◆ Records for the exercise:
Start of Block

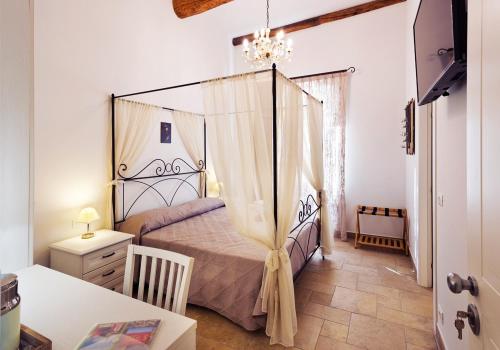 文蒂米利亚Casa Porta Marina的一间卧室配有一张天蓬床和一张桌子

End of Block
Start of Block

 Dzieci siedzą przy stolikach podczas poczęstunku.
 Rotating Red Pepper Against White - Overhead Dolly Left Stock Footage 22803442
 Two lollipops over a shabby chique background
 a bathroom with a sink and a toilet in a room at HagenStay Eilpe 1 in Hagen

End of Block

◆ Brief: Restate word for word the lines of the data above, starting at the line containing "Dzieci siedzą przy" and ending at the line containing "a bathroom with", both included, and nothing more.

◆ Reply:
 Dzieci siedzą przy stolikach podczas poczęstunku.
 Rotating Red Pepper Against White - Overhead Dolly Left Stock Footage 22803442
 Two lollipops over a shabby chique background
 a bathroom with a sink and a toilet in a room at HagenStay Eilpe 1 in Hagen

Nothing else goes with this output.